About Jo
Jo Johnson is Executive Chairman of FutureLearn, the global online learning platform. He works internationally across higher education, digital learning, and education investment, with board and advisory roles at leading education and skills organisations across the UK, North America, Europe, and Asia.
He serves on the board of Access Education Group and is a member of the Council of the Dyson Institute for Engineering and Technology. He is a Visiting Professor at King’s College London and a Fellow of Birkbeck College, University of London. He is also a member of the House of Lords, the European Council on Foreign Relations, and an Honorary Governor of the Ditchley Foundation.
Jo previously served as UK Minister of State for Universities, Science, Research and Innovation, attending Cabinet, with responsibility for higher education, research funding, and international education.

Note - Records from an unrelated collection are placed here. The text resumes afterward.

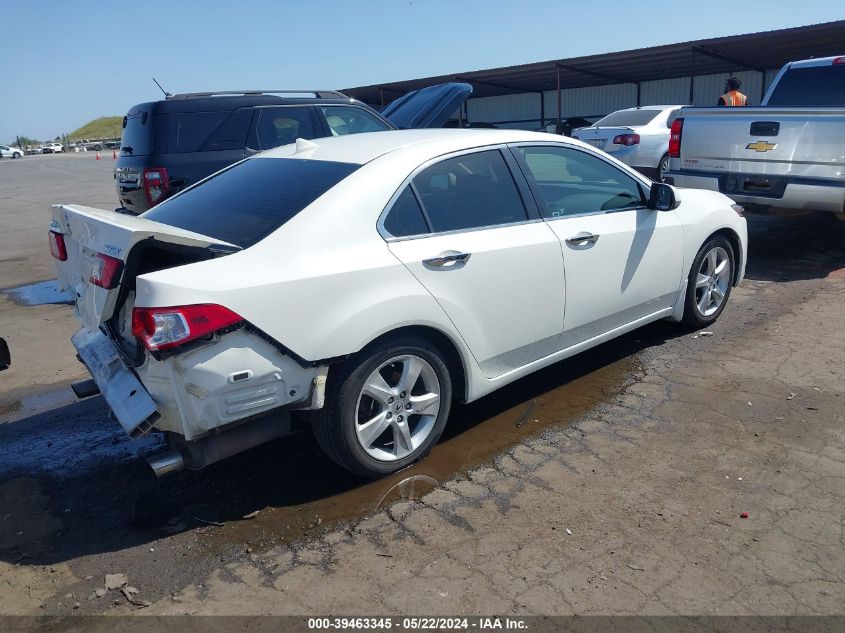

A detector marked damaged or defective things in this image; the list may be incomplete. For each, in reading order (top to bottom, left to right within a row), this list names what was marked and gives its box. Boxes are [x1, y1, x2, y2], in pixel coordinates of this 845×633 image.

detached bumper [71, 328, 159, 436]
crumpled trunk lid [51, 205, 237, 334]
broken tail light [131, 302, 244, 350]
rear-end collision damage [50, 205, 330, 476]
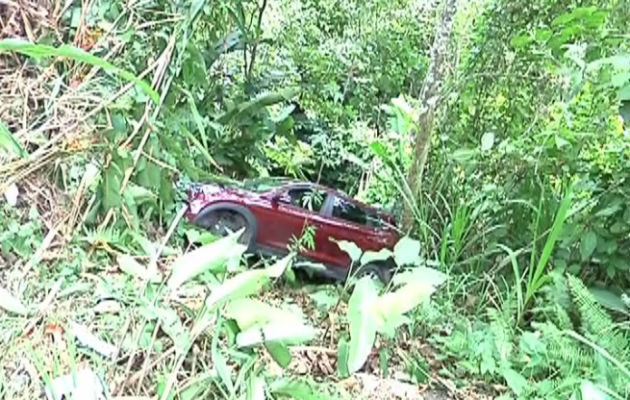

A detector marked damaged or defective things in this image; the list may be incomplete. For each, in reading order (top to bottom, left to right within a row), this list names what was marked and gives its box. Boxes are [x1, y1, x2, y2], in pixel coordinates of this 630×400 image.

crashed red car [186, 178, 400, 282]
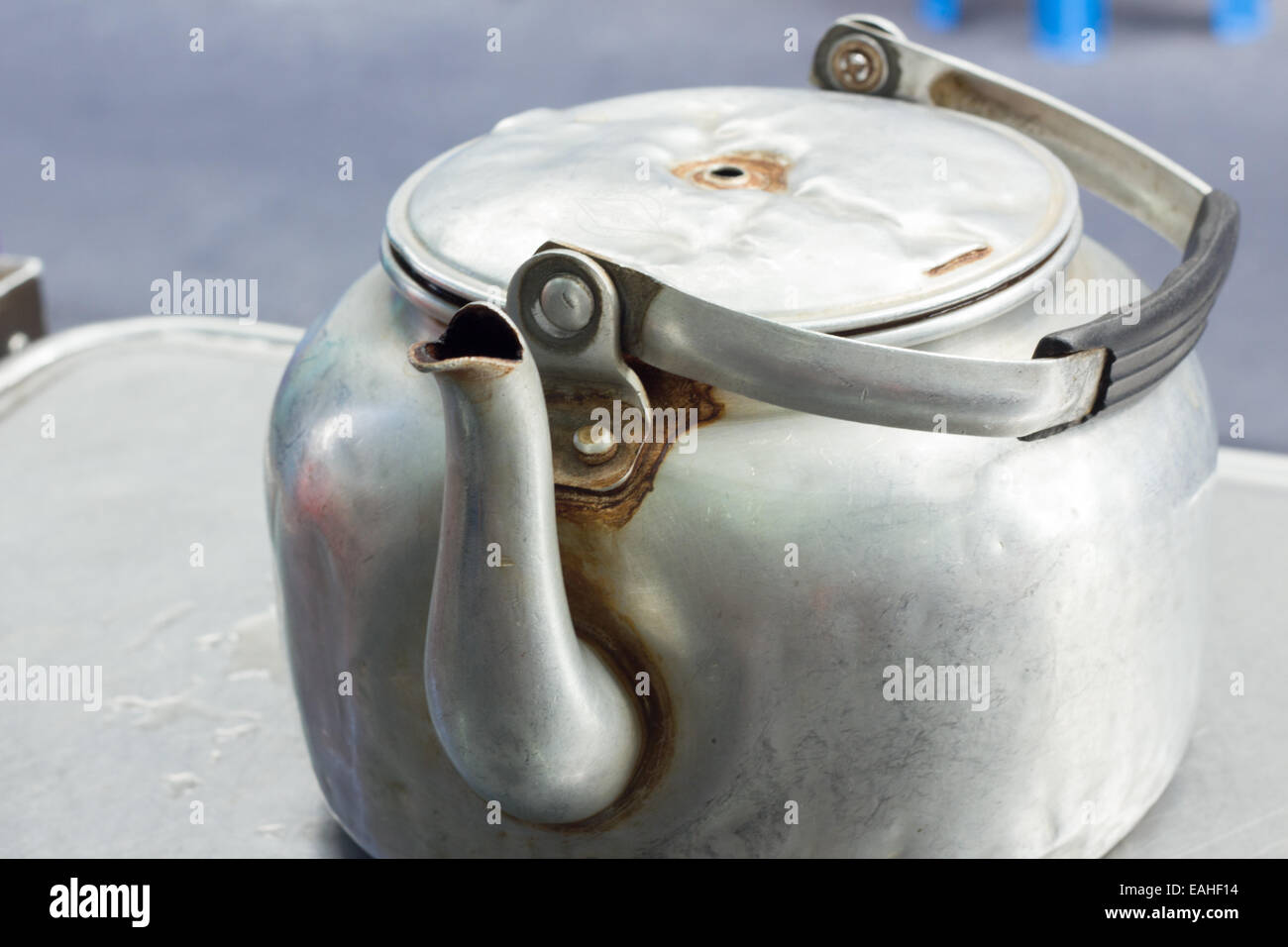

He also served as Head of the No.10 Policy Unit, advising the Prime Minister on domestic policy across government. He was a Member of Parliament from 2010 to 2019 and was appointed to the House of Lords in 2020.
He was a Senior Fellow and Research Fellow at the Mossavar-Rahmani Center for Business and Government at the Harvard Kennedy School from 2019 to 2023.
Before entering public life, Jo spent 13 years at the Financial Times, where he held senior editorial roles including Associate Editor, Head of Lex, South Asia Bureau Chief, and Paris correspondent.
He is the author of two books: The Man Who Tried to Buy the World (Penguin, 2003, with Martine Orange) and Reconnecting Britain and India: Ideas for an Enhanced Partnership (Academic Foundation, 2011, with Dr Rajiv Kumar).
He was educated at Balliol College, Oxford, where he was a scholar and received a first-class degree in Modern History. He also holds an MBA from INSEAD and studied at the Université Libre de Bruxelles as a Wiener Anspach Fellow.
He lives in London with his wife, the journalist Amelia Gentleman, and their children.